Wenn der Arbeitgeber sich von vornherein nicht verpflichten will, einen Vorteil dauerhaft zu gewähren, dann muss er jedes Mal deutlich und unmissverständlich darauf hinweisen. So hat es zum Beispiel ein Lebensmittelhersteller gemacht: Er schickte den Betriebsrentner*innen jedes Jahr eine Marzipantorte und ein Weihnachtsgeld von 105 Euro. Allerdings legte er jedes Mal ein Schreiben bei mit dem Hinweis, dass die Leistungen immer nur für das aktuelle Jahr gewährt werden. Das Arbeitsgericht Köln entschied, dass deswegen keine betriebliche Übung entstanden ist. Es handelt sich also um eine freiwillige Leistung des Unternehmens (deswegen Freiwilligkeitsvorbehalt). Die Rentner*innen haben keinen Anspruch auf ihre jährliche Torte (Aktenzeichen: 11 Ca 3589/16).
Während ein Freiwilligkeitsvorbehalt also verhindert, dass ein Anspruch überhaupt erst entsteht, ist ein Widerrufsvorbehalt eine Klausel, die regelt, dass ein Anspruch des*der Beschäftigten durch eine einseitige Erklärung des Arbeitgebers wieder beseitigt werden kann.
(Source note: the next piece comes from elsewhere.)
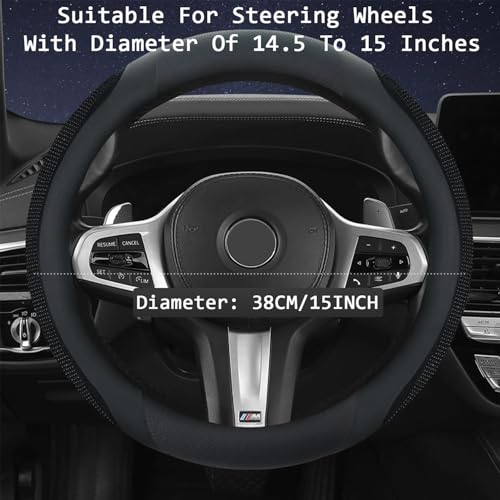 Bling Leather Steering Wheel Cover, Diamond Crystal Rhinestones Sparkly Steering Wheel Protector for Women Girls Soft Breathable Non-Slip Universal Fit 15" Car Accessories - Black - color: Black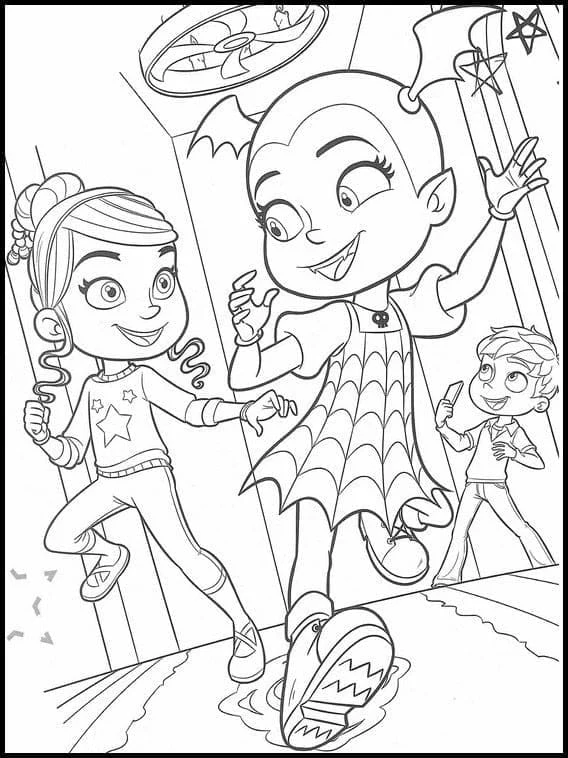 Malvorlage Vampirina tanzt mit ihren Freunden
Mit einem Widerrufsvorbehalt sichern sich Arbeitgeber also die Möglichkeit, bisher gewährte Zusatzleistungen für die Zukunft zu kassieren. Allerdings muss im Arbeitsvertrag klar geregelt sein, in welchen Fällen das möglich ist – zum Beispiel aus wirtschaftlichen Gründen oder aufgrund des Verhaltens des*der Beschäftigten. Wenn der Arbeitgeber sagt, dieser Fall sei nun eingetreten, dann muss das für die Beschäftigten überprüfbar sein.